All throughout history meat has been cured to preserve meat in a time before refrigeration was invented. In fact, many countries today still depend on curing to preserve meat. The enemy of meat (and food in general) is exposure to water, light, and heat. These three things degrade food, promote bacterial growth, and increase the chances of food borne illnesses. Salt is an amazing ingredient, because it changes (in this case) meat in such a way that water is removed and it creates an environment that bacteria does not like or live in.

In fact, in another scenario, I have the perfect example. The yeast that I use to make my bread, when I neglect it, starts to grow bacteria. The whole yeast culture is thrown off and smells horrible. However, this is the culture of wild yeast starter. You have a community here. When the community gets out of balance you have to make changes to bring it back into balance and make the community happy again. Salt does this. I toss in 2 tsp of salt into my out of balance starter, give it a good stir, and by the next day all is right in the world of my wild yeast starter. What happened? The salt changed the environment of the starter. The bacteria became unhappy and quit reproducing. Mean while, the yeast became happy and began to populate again or recovered from its illness (or however you want to look at it.)

Now a pork belly is so much larger than my quart size mason jar of yeast starter. It’s a thriving metropolis in comparison. It takes much longer for salt to infiltrate that pork belly and withdraw the water content of the belly. It takes time for the meat to cure and stabilize itself to withstand the threats to food preservation.

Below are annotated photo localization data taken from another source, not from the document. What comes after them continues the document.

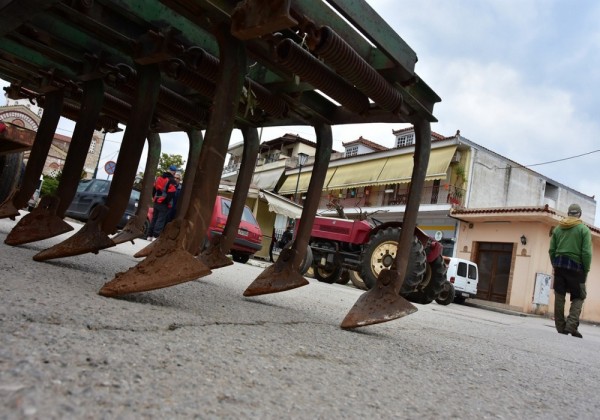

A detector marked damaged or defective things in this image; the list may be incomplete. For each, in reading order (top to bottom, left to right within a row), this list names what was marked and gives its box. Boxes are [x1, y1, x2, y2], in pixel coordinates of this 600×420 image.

rusty plow blade [4, 196, 73, 246]
rusty plow blade [32, 204, 115, 260]
rusty plow blade [110, 215, 144, 244]
rusty plow blade [98, 218, 211, 296]
rusty plow blade [198, 236, 233, 270]
rusty plow blade [244, 248, 310, 296]
rusty plow blade [340, 270, 420, 330]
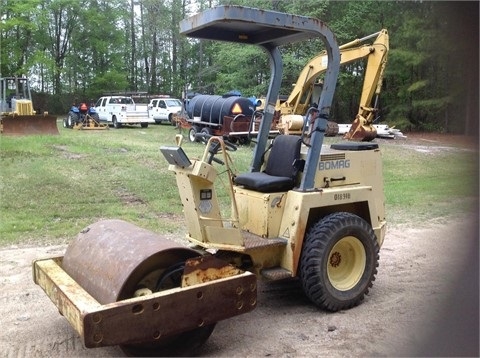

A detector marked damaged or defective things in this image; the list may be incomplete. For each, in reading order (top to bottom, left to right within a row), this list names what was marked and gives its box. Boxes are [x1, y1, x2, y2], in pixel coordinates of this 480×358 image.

rusty drum surface [62, 218, 198, 304]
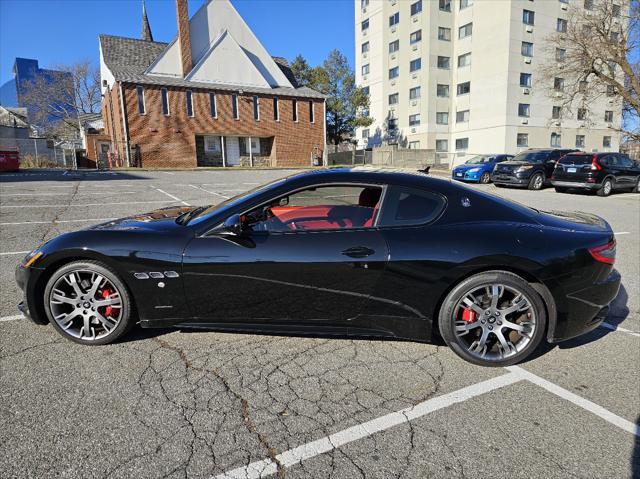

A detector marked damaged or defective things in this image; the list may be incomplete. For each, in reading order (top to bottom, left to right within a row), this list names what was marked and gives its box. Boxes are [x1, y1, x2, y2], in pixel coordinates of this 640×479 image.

cracked pavement [1, 168, 640, 476]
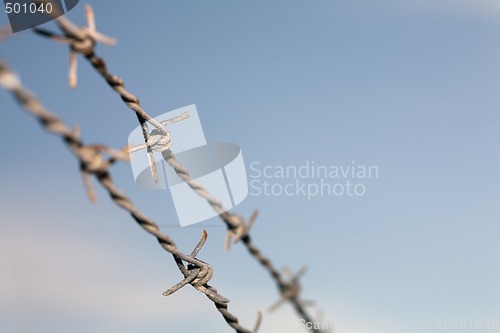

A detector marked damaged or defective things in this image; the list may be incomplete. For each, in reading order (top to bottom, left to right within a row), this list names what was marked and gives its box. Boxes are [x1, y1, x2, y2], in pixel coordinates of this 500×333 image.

rusty wire [0, 59, 262, 332]
rusty wire [29, 4, 326, 330]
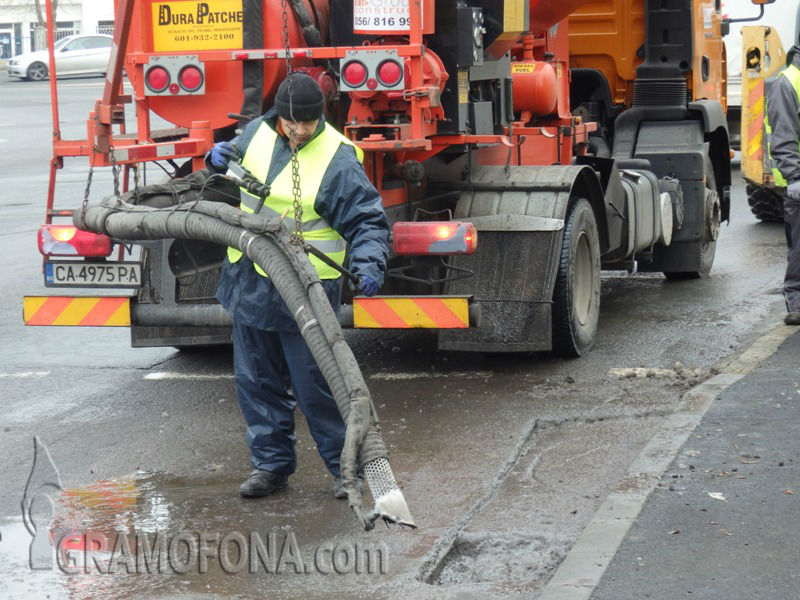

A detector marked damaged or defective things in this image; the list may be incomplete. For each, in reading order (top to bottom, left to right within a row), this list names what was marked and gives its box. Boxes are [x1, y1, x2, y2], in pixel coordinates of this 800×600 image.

road pothole [424, 536, 568, 584]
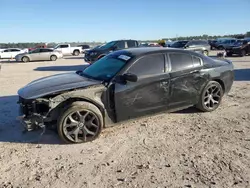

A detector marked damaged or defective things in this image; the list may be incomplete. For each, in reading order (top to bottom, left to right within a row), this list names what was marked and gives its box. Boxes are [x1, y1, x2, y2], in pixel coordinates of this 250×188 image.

damaged black car [17, 47, 234, 144]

I saw one site say that it takes up to 24 hours to cure bacon using their method. The difference is that they have to inject the salt in deep throughout the pork belly. This method is not using an injection method. It is the meat bringing in the salt, and the salt working its way into the center of the belly. This takes time.

any2ndnow.com

There was another site that I saw claim that it only took 3 days to reach a “mild” cure. Food science being science, either it’s cured or it’s not cured. Cured meat is a process. It is a method. And the proof is behind the results on how the meat holds up over time. There’s nothing wrong with making salted pork. It doesn’t make it cured. It just means that it has a higher salt content that the meat that you pull out of your fridge or freezer. Please, let’s just call salted pork by its rightful name.

Can bacon be cured longer than 7 days? Absolutely! It’s not going to dry your pork belly out unless you’re using an open container. But that only happens because your fridge naturally evaporates water out of food that is left in there without being covered.

And let’s just be clear that evaporation or dehydration is not curing. Dehydration/evaporation is one method of preserving that is purely unique. Curing is an entirely different method of preservation, unique to itself. Every method has its own rules. Anything that doesn’t follow the rules is a different method for a different purpose.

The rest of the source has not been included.